Source information START

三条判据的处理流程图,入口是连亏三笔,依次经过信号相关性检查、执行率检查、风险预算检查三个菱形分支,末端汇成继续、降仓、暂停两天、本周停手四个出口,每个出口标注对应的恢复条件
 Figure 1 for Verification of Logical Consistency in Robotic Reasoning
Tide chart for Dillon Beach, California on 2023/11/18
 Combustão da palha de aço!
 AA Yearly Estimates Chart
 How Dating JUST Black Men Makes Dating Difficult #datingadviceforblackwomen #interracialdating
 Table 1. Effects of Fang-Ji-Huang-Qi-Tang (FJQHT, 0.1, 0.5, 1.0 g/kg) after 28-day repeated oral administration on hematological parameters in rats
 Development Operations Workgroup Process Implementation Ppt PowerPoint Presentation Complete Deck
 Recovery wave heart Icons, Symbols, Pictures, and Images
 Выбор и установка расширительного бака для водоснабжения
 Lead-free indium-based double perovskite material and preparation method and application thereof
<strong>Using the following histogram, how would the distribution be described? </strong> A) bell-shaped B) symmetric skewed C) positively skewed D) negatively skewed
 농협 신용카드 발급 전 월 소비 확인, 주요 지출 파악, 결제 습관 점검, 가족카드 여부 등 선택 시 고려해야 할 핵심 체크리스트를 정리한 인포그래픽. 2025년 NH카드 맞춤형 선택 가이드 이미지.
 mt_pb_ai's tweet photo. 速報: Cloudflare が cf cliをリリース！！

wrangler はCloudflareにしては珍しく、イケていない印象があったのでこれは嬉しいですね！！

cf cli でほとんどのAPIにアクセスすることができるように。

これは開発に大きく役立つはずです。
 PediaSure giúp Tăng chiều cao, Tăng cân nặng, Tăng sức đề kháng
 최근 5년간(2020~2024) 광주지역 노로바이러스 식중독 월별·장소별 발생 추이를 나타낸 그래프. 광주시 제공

Source information END

_Task to carry out_. Reproduce every record, matching each line exactly.

_Output_.
三条判据的处理流程图,入口是连亏三笔,依次经过信号相关性检查、执行率检查、风险预算检查三个菱形分支,末端汇成继续、降仓、暂停两天、本周停手四个出口,每个出口标注对应的恢复条件
 Figure 1 for Verification of Logical Consistency in Robotic Reasoning
Tide chart for Dillon Beach, California on 2023/11/18
 Combustão da palha de aço!
 AA Yearly Estimates Chart
 How Dating JUST Black Men Makes Dating Difficult #datingadviceforblackwomen #interracialdating
 Table 1. Effects of Fang-Ji-Huang-Qi-Tang (FJQHT, 0.1, 0.5, 1.0 g/kg) after 28-day repeated oral administration on hematological parameters in rats
 Development Operations Workgroup Process Implementation Ppt PowerPoint Presentation Complete Deck
 Recovery wave heart Icons, Symbols, Pictures, and Images
 Выбор и установка расширительного бака для водоснабжения
 Lead-free indium-based double perovskite material and preparation method and application thereof
<strong>Using the following histogram, how would the distribution be described? </strong> A) bell-shaped B) symmetric skewed C) positively skewed D) negatively skewed
 농협 신용카드 발급 전 월 소비 확인, 주요 지출 파악, 결제 습관 점검, 가족카드 여부 등 선택 시 고려해야 할 핵심 체크리스트를 정리한 인포그래픽. 2025년 NH카드 맞춤형 선택 가이드 이미지.
 mt_pb_ai's tweet photo. 速報: Cloudflare が cf cliをリリース！！

wrangler はCloudflareにしては珍しく、イケていない印象があったのでこれは嬉しいですね！！

cf cli でほとんどのAPIにアクセスすることができるように。

これは開発に大きく役立つはずです。
 PediaSure giúp Tăng chiều cao, Tăng cân nặng, Tăng sức đề kháng
 최근 5년간(2020~2024) 광주지역 노로바이러스 식중독 월별·장소별 발생 추이를 나타낸 그래프. 광주시 제공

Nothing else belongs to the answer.